Accessible via a well-maintained, paved road or hiking trails less than a mile in length, the 968-foot summit atop Vermont’s first state park (Mount Philo State Park was established in 1924) provides sweeping views of the Green Mountains, Adirondack Mountains and Lake Champlain Valley. The area also is a migratory home to more than a hundred different species of birds. This 168-acre park contains a small campground as well as an enclosed picnic pavilion that can be rented for special events.

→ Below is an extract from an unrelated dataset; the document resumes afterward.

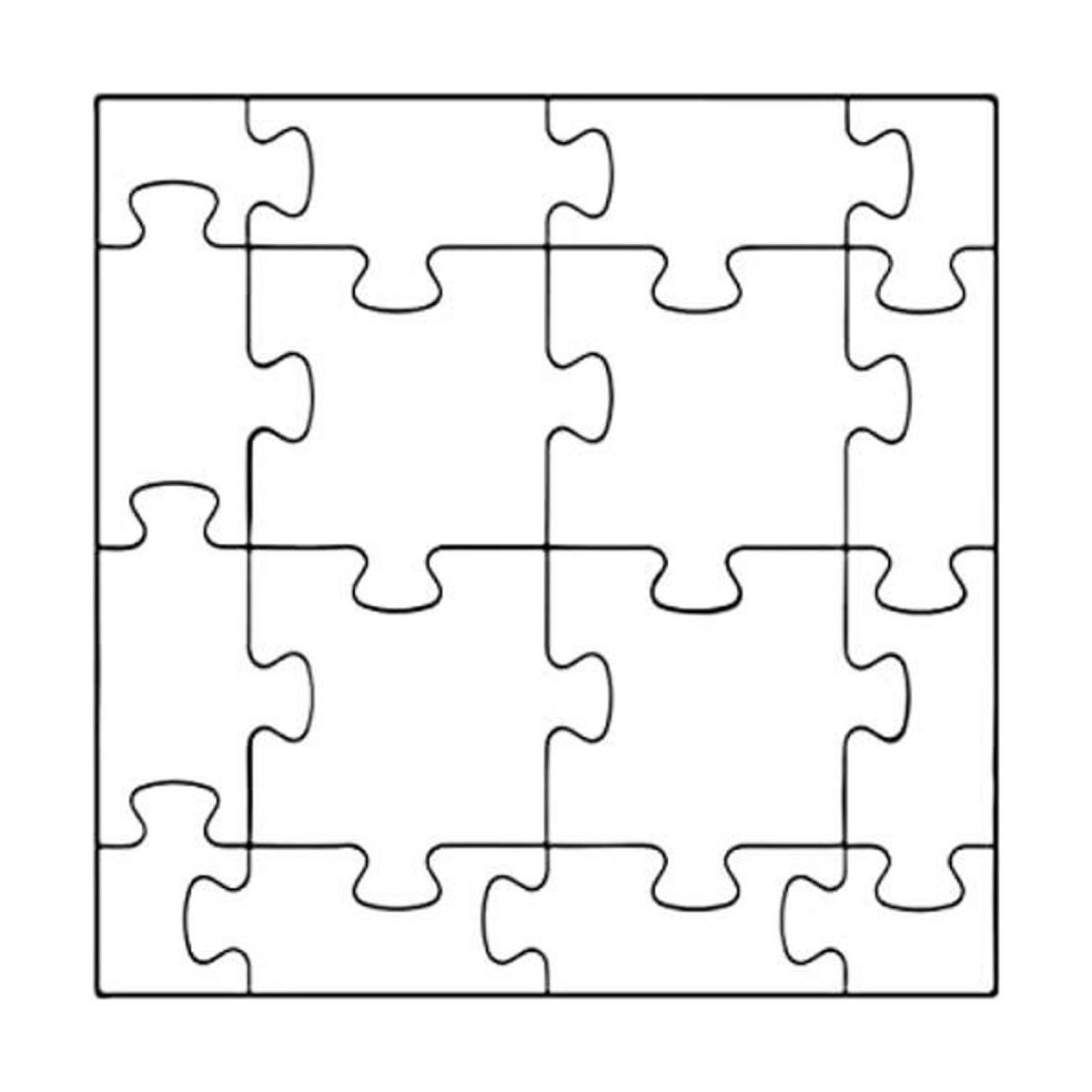 Hygloss Productos Comunidad Puzzle Blanco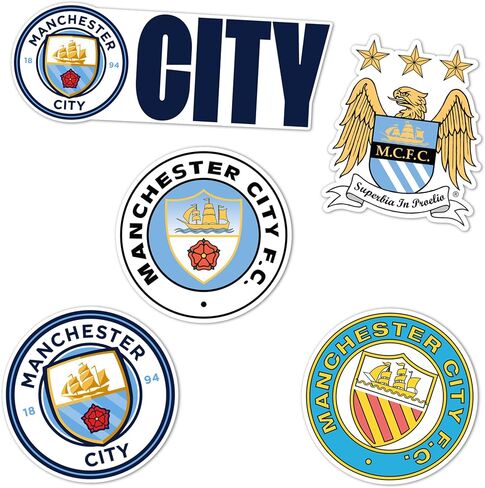 ملصق مانشستر سيتي مان سيتي MCFC ورقة من الفينيل لكرة القدم وكرة القدم الدوري الإنجليزي الممتاز لملصقات الكمبيوتر المحمول وزجاجة مياه وقصاصات السيارة (النوع 2-10) in Kuwait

Mount Kearsarge, Wilmot, N.H.
A forest fire in the 1970s cleared the summit of Mount Kearsarge at 2,937 feet, so the climb to the top today presents spectacular views from the open, bare rock out to the White Mountains and Mount Cardigan in the north, the Green Mountains and Mount Sunapee in the west and the Monadnock Region and the Merrimack Valley in the south. In fact, on a clear day, you can see as far as Boston from the fire tower. The trailhead for the looped Winslow Trail and Barlow Trail begin at the same place and, generally speaking, the Winslow is the preferred route up with its steeper and rockier terrain, and the Barlow is the preferred route down since it is less steep. The loop ascends 1,100 feet over 2.6 miles.
Lye Brook Falls, Manchester, Vt.
The Lye Brook Falls Trail runs for two miles through the thick of the Lye Brook Wilderness of the Green Mountain National Forest. Hikers will find a challenging climb along the old logging railroad bed up a gradual slope that parallels Lye Brook. At the southern end of the trail, a spur trail turns off for 1.8 miles to the 125-foot falls, one of Vermont’s tallest.
Zealand Falls, Zealand Notch, N.H.
Ideal as a day hike for all ages and abilities, the Zealand Trail takes you on a relatively easy 2.8-mile trail through Zealand Notch to the Zealand Falls Hut, managed by the Appalachian Mountain Club, and onward if you choose to Zeacliff outlook. Following an old railroad grade, the Zealand Trail is flat and easy going most of the way with several water crossings. The falls are situated to the left of the hut, a perfect place to pause and enjoy. Pressing on for another 1.5 miles will take you to Zeacliff, which will reward you with amazing views of Zealand Notch and the eastern part of the Pemigewasset Wilderness.